Dataset entries:
********************
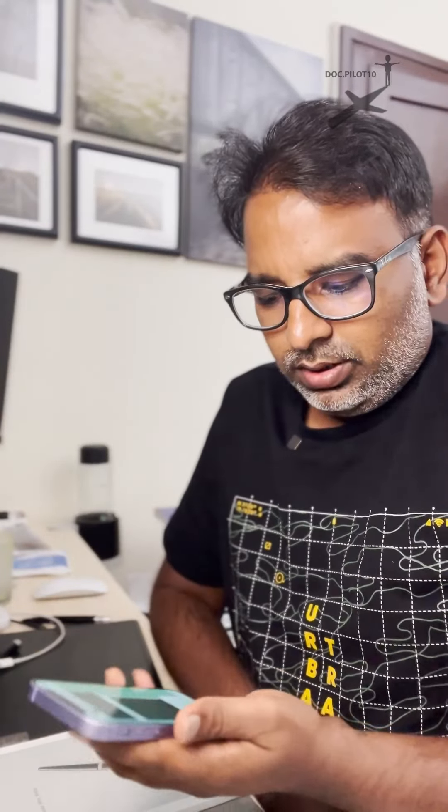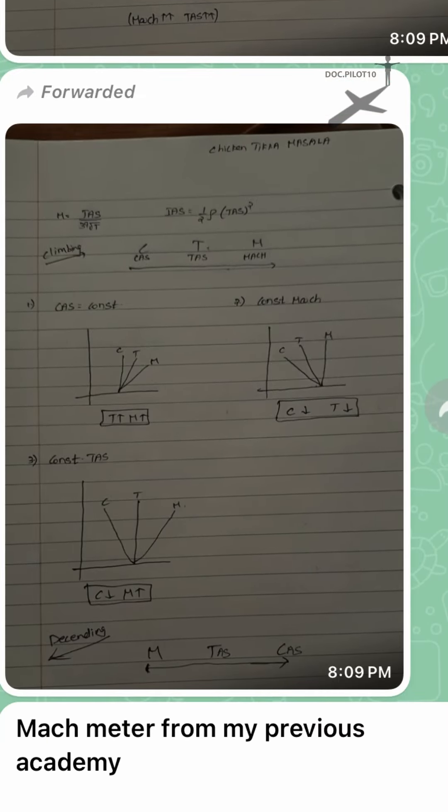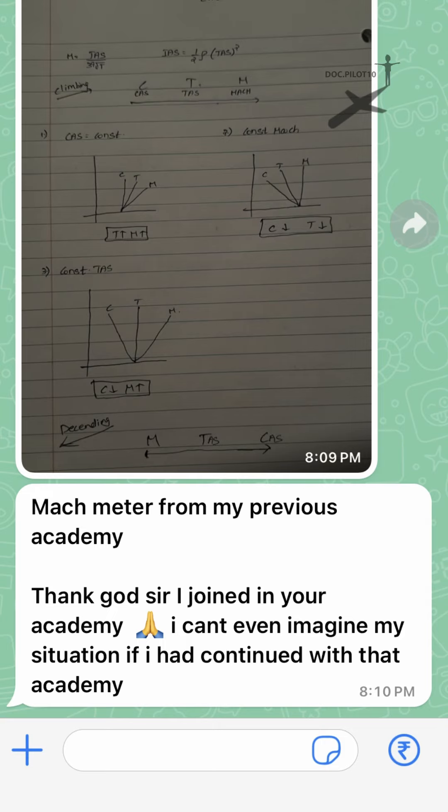I will show you one example. See this message — I received it from one of our students. It says: 'Sir, Mach meter from previous academy.' He has put screenshots from when he joined somewhere else, then paid again and joined my academy. He wrote: 'Thank God I have joined your academy. I can't even imagine my situation if I had continued with that other academy.'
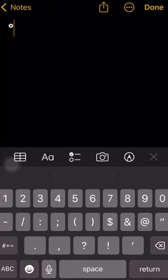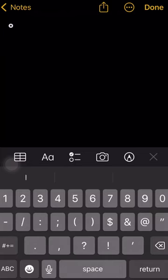And there you go — that's the degree symbol. 99 degrees. Enjoy! Please like and subscribe and share with your friends.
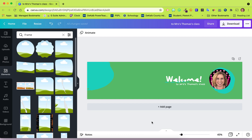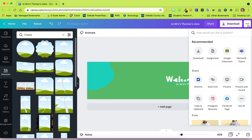Choose whatever template you want your kids to edit. Click on the three dots, and under Recommended you're going to find Google Classroom.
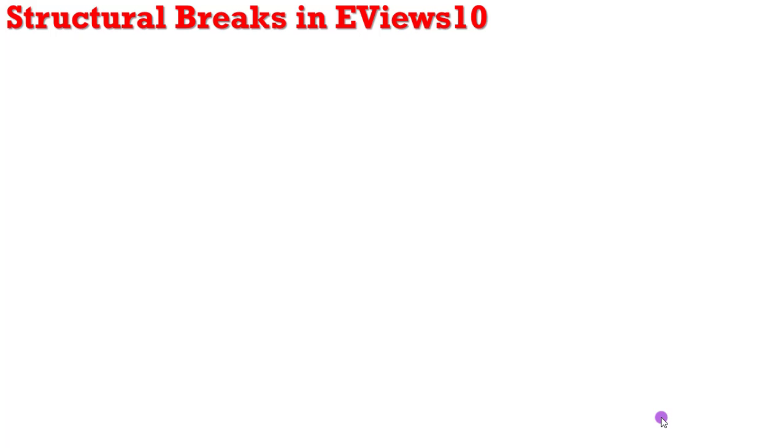Today we shall be looking at how to identify, respecify, and estimate a model having structural break in EViews using the Chow test.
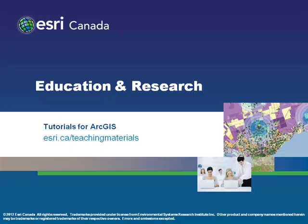Congratulations! You have now successfully geocoded a list of addresses using two different types of geocoding services. If you would like to learn how to do more with your newly created data, then visit any of our other tutorials for ArcGIS.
********************
Exactly the lines from the one that contains "Today we shall" through the final line of the records above are needed, given again word for word, with every picture left out.

Today we shall be looking at how to identify, respecify, and estimate a model having structural break in EViews using the Chow test.
Congratulations! You have now successfully geocoded a list of addresses using two different types of geocoding services. If you would like to learn how to do more with your newly created data, then visit any of our other tutorials for ArcGIS.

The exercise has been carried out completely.